The founder of a movement dedicated to Egyptian General Abdel Fattah Al-Sisi has announced his intention to file a lawsuit before the Egyptian administrative court compelling Al-Sisi to run for the country's presidency.
According to the state-run Middle East News Agency, Abdul Aziz Abdullah, who is the founder of the "Noreed" (We want) movement, said that he plans "to bring a lawsuit, based on the popular consensus, to support this vital demand, under the circumstances that Egypt is witnessing now, which no one but General Al-Sisi can handle."
Al-Sisi orchestrated a military coup against Egypt's first democratically elected President Mohammed Morsi and his government on 3 July. Since then, a growing personality cult has been developing around him. The Financial Times reported in October that the Noreed movement even claimed that it had collected four million signatures demanding for Al-Sisi to become president "without bothering with the formality of an election".
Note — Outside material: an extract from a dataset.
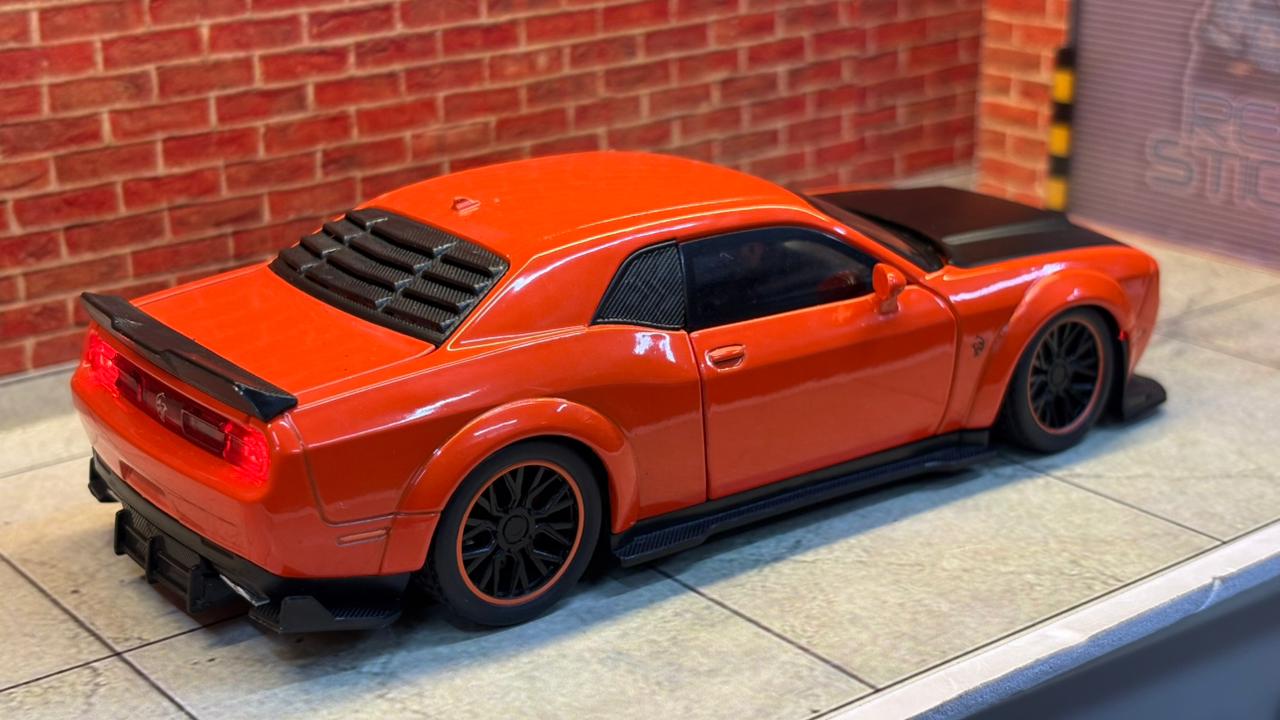 Dodge Challenger SRT Hellcat Widebody (1:32 Scale) Box Piece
The movement's lawsuit is the second of its kind. Egypt Independent reported earlier this month that Nabil Luka Bibawy, a retired police officer, also filed a lawsuit "demanding the Supreme Council of the Armed Forces nominate Al-Sisi for the presidential elections".
Prior to that, Amr Moussa, who himself unsuccessfully ran for president in 2012 and is now the head of the Committee of Fifty appointed by the interim government to amend Egypt's constitution, admitted that he sees no alternative to Al-Sisi for president, and that people would push him to run for president even if he insisted on rejecting it.